D. The Commandments of Love and the Parable of the Good Samaritan (10:25-37)

Jesus elicited from an expert in the law the assertion that the two great commandments were to love God and to love one’s neighbor. These commandments were at the heart of Jesus' own teaching (Mt 22:34-40; Mk 12:28-34) and were based on Dt 6:5 and Lev 19:18. Obedience to these commandments, said Jesus, leads to eternal life.

To illustrate neighborly love, Jesus told the parable of the Good Samaritan. The road from Jerusalem to Jericho passed through rugged country. But although robbery was a typical incident on that road, it was by no means typical that a Samaritan would rush to the help of a Jew (see comments on 9:51-56).

For a Jewish audience, there was an element of shock in the story. It depicts a reversal of values, a world in which a Samaritan is the hero. But it did much more than unsettle people’s values. It provided a positive ideal by which to live. It portrayed a vivid example of neighborly love. It demonstrated the meaning of love more vividly than any dictionary definition.

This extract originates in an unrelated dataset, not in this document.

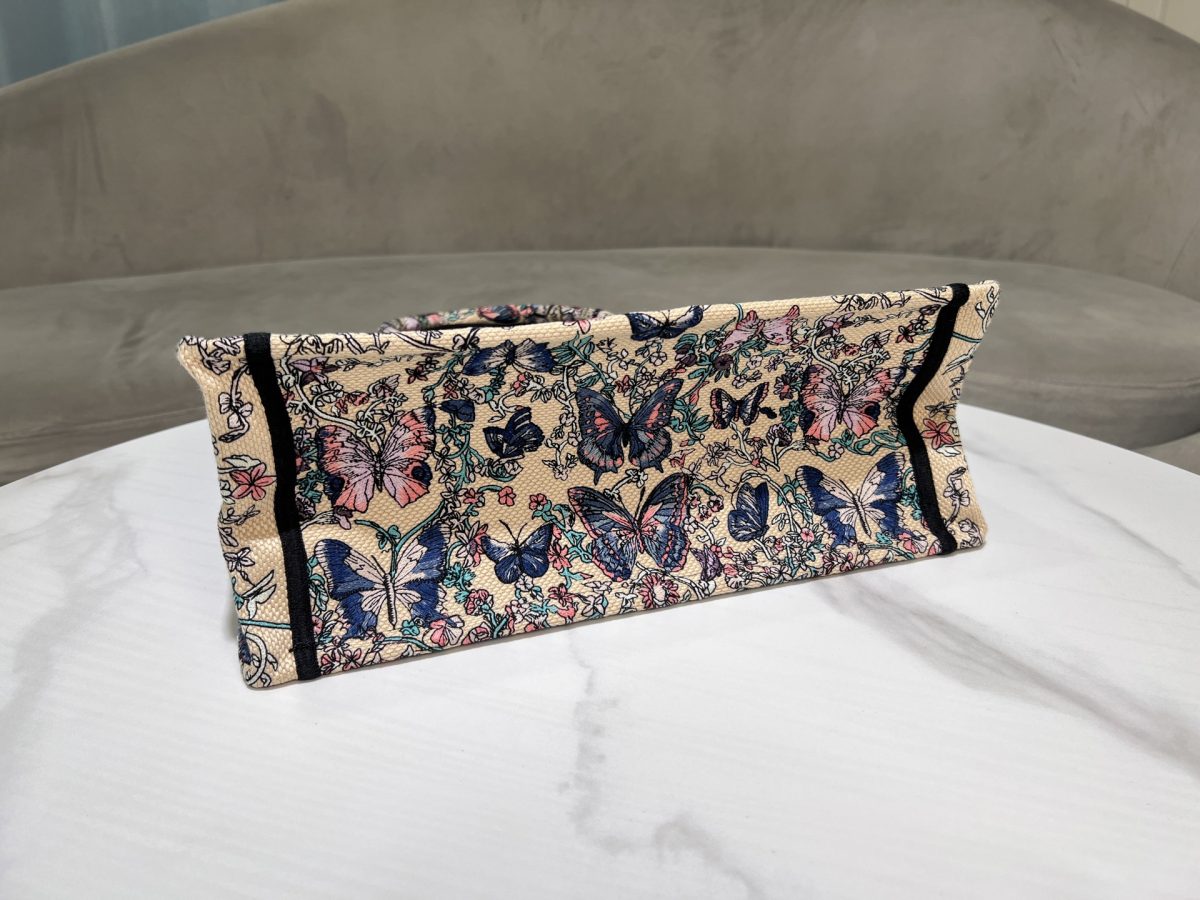 Dior Book Tote Medium Bag - Image 6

Love of neighbor crosses the boundaries of nation, race, and social class. Anyone in need is our neighbor. By depicting the Samaritan as the example to be followed and the representatives of conventional religion as the examples to be avoided, the parable issues a challenge not only to Jews but to Christians as well. “Let us go and do likewise, regarding every man as our neighbor who needs our assistance. Let us renounce that bigotry and party-zeal which would contract our hearts into an insensibility for all the human race, but a small number whose sentiments and practice are so much our own, that our love to them is but self-love reflected” (Wesley, Notes, 241-42).